In jungen Jahren, Kohlmeyer war noch nicht lange Führerscheininhaber, chauffierte er seine Clique mal zu einem Auswärtsspiel nach Saarbrücken. Der FCS gewann 2:0, zwei Mal Wynalda. Auf dem Heimweg bildeten die Saarländer ein Spalier an der B40 und winkten den abreisenden Pfälzern höhnisch zu.
Demütigend, wie gesagt. Aber in einer einfachen, um nicht zu sagen primitiven Form.
Demütigungen können aber auch viel perfider sein, hinterfotziger.
Zum Beispiel: Wenn Kohlmeyers Verein an einem jungen, talentierten Trainer dran ist, der aber absagt, weil ihm, wie zu vernehmen ist, das Umfeld zu unruhig ist und er fürchtet, nicht in Ruhe arbeiten zu können.
Wie? Das ist an sich noch keine Demütigung?
Okay.
Aber was ist, wenn dieser Trainer dann ausgerechnet… nach… Bielefeld geht?
Bielefeld!
Nein, Kohlmeyer will hier keine Arminia-Fans provozieren, keinen Attraktivitäts- oder Traditionsvereinsschwanzvergleich oder so. Es geht nur darum, mal ein paar grundlegende Wahrheiten über Bielefeld loszuwerden. Das heißt: Gibt es überhaupt eine Wahrheit über Bielefeld? Damit geht es doch schon los…
Bielefeld!
Kohlmeyer erinnert sich noch dunkel an ein Schmähgedicht, das er in jungen Jahren in der „Titanic“ gelesen hat, aber im Netz leider nicht auffindbar ist, es endete mit den Worten: „…drum spar dir doch das viele Geld, komm lieber nicht nach Bielefeld.“ Schon damals hat man vor Bielefeld also gewarnt, weil es irgendwie so… so… ja, was eigentlich war?

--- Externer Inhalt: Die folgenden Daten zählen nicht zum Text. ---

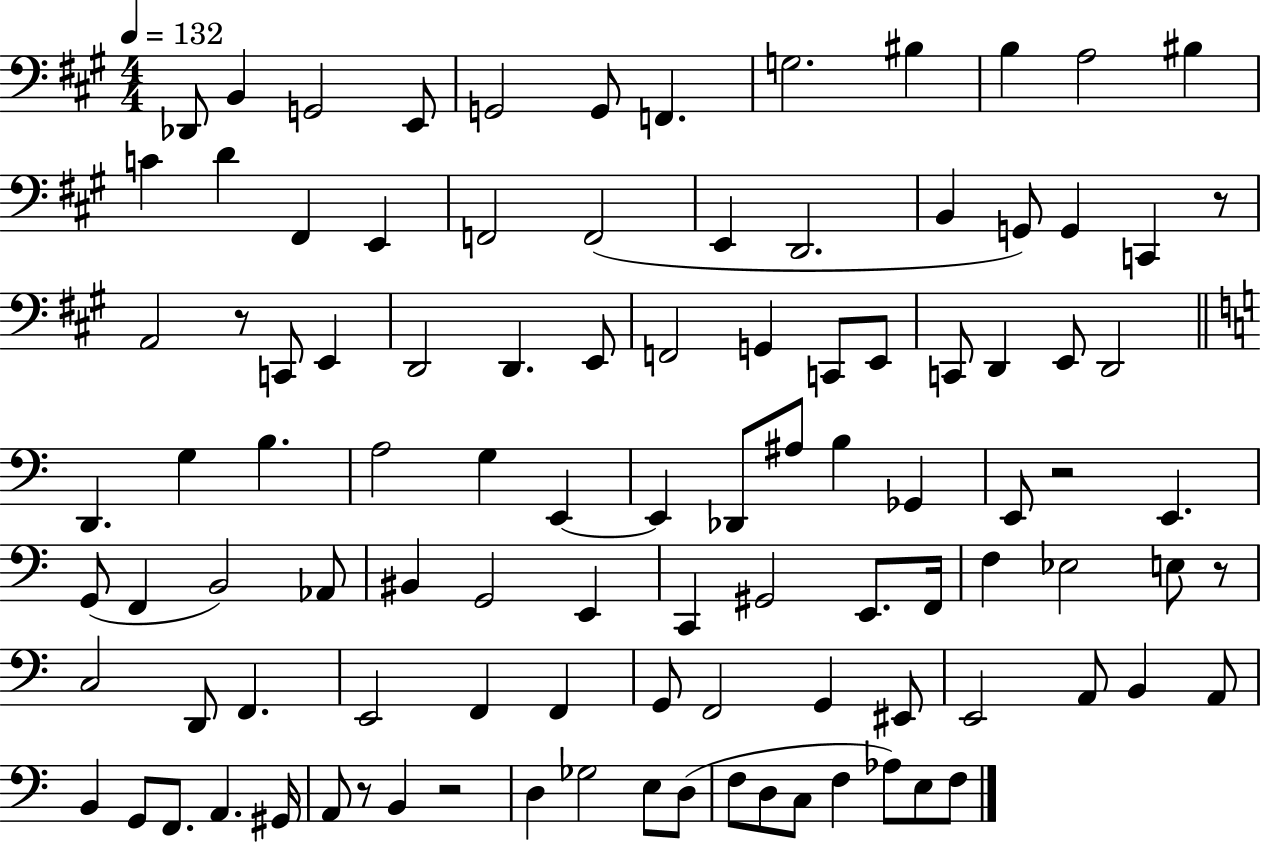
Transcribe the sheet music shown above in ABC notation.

X:1
T:Untitled
M:4/4
L:1/4
K:A
_D,,/2 B,, G,,2 E,,/2 G,,2 G,,/2 F,, G,2 ^B, B, A,2 ^B, C D ^F,, E,, F,,2 F,,2 E,, D,,2 B,, G,,/2 G,, C,, z/2 A,,2 z/2 C,,/2 E,, D,,2 D,, E,,/2 F,,2 G,, C,,/2 E,,/2 C,,/2 D,, E,,/2 D,,2 D,, G, B, A,2 G, E,, E,, _D,,/2 ^A,/2 B, _G,, E,,/2 z2 E,, G,,/2 F,, B,,2 _A,,/2 ^B,, G,,2 E,, C,, ^G,,2 E,,/2 F,,/4 F, _E,2 E,/2 z/2 C,2 D,,/2 F,, E,,2 F,, F,, G,,/2 F,,2 G,, ^E,,/2 E,,2 A,,/2 B,, A,,/2 B,, G,,/2 F,,/2 A,, ^G,,/4 A,,/2 z/2 B,, z2 D, _G,2 E,/2 D,/2 F,/2 D,/2 C,/2 F, _A,/2 E,/2 F,/2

Eben: gestaltlos.
Die Generation Wontorra der deutschen Sportreporter dichtete später: „Bielefeld gibt Kilometergeld.“ Auch da klingt dieses Bielefeld-Mantra durch: Bielefeld ist ein Ort, der immer fern ist. Sehr fern.
Okay, das waren die Reisen in den neuen Osten für die Kollegen damals auch, aber dort drohten demolierte Dienstwagen, polierte Visagen und noch nicht näher erforschte Geschlechtskrankheiten. Schrecknisse, die Bedrohliches, gleichzeitig aber auch Erregendes hatten, denn vor allem die Geschlechtskrankheiten wollten ja erst einmal eingefangen sein. Zur Reise nach Bielefeld dagegen war nur das anfallende Kilometergeld erwähnenswert, als einziger Trost sozusagen.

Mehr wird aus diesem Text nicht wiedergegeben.